_Exercise instructions_: Restate word for word the lines below from the one that has "Hal Munro - Dream Lover Album" through the one that has "Seltene Aff&auml;ren", keeping both and dropping all pictures.

### Dataset records

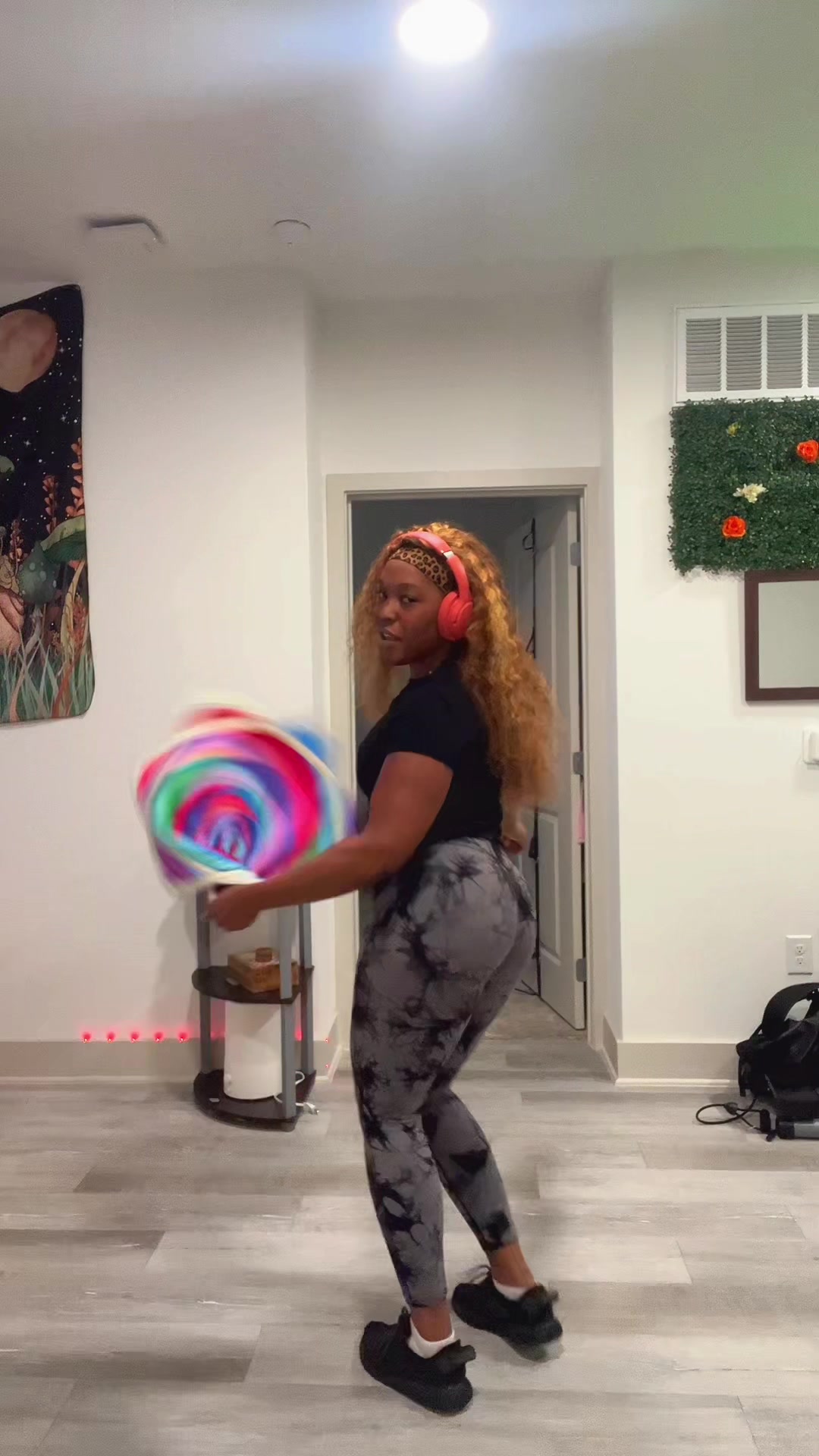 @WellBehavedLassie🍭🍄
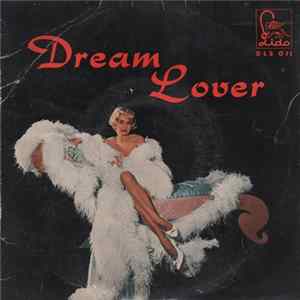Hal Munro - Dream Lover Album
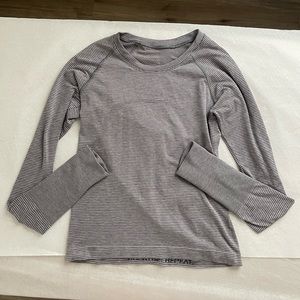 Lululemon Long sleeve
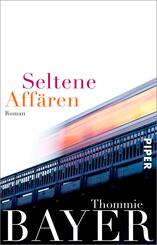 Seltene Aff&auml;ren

######
### Dataset records

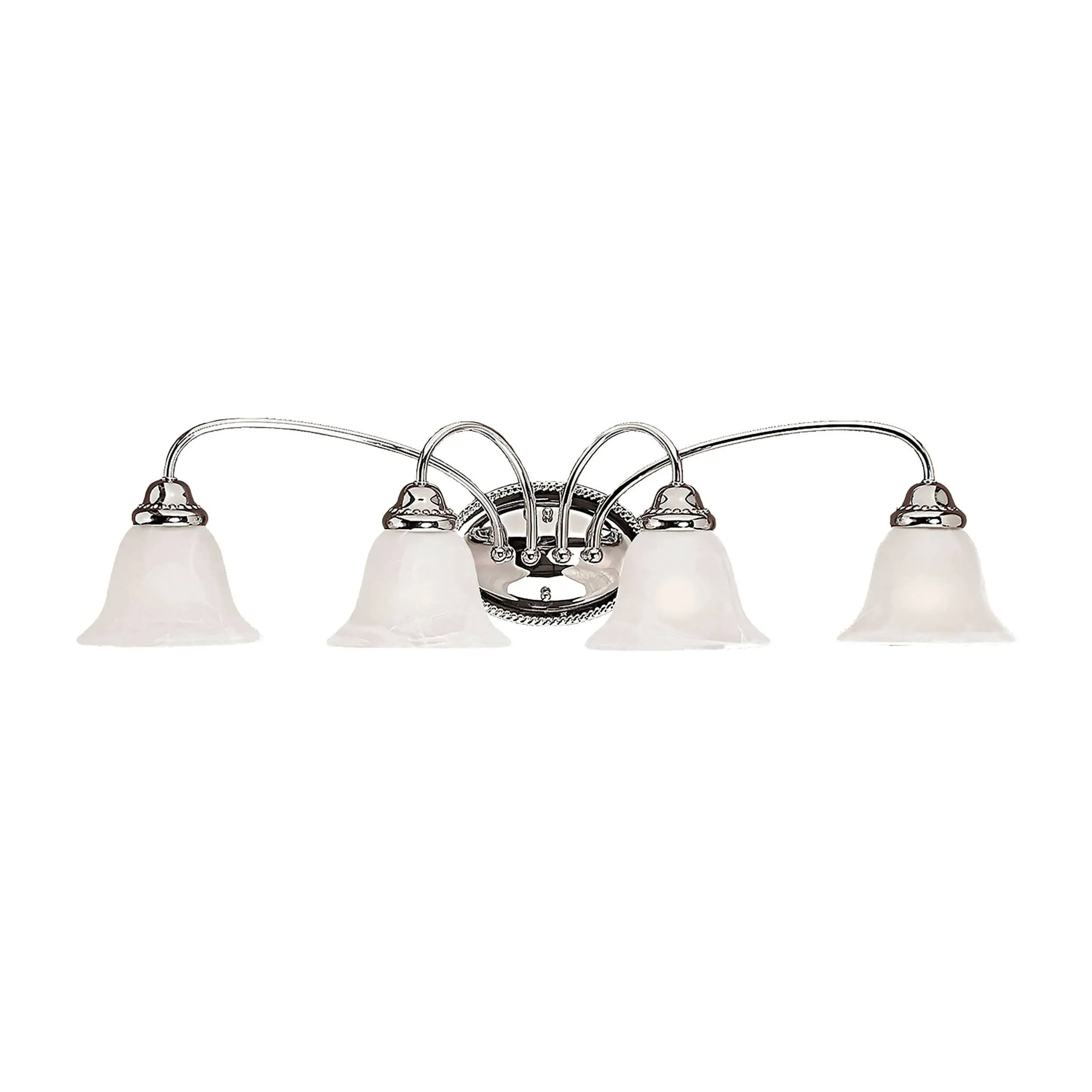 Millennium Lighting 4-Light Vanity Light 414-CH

######

_Exercise result_:
Hal Munro - Dream Lover Album
 Lululemon Long sleeve
 Seltene Aff&auml;ren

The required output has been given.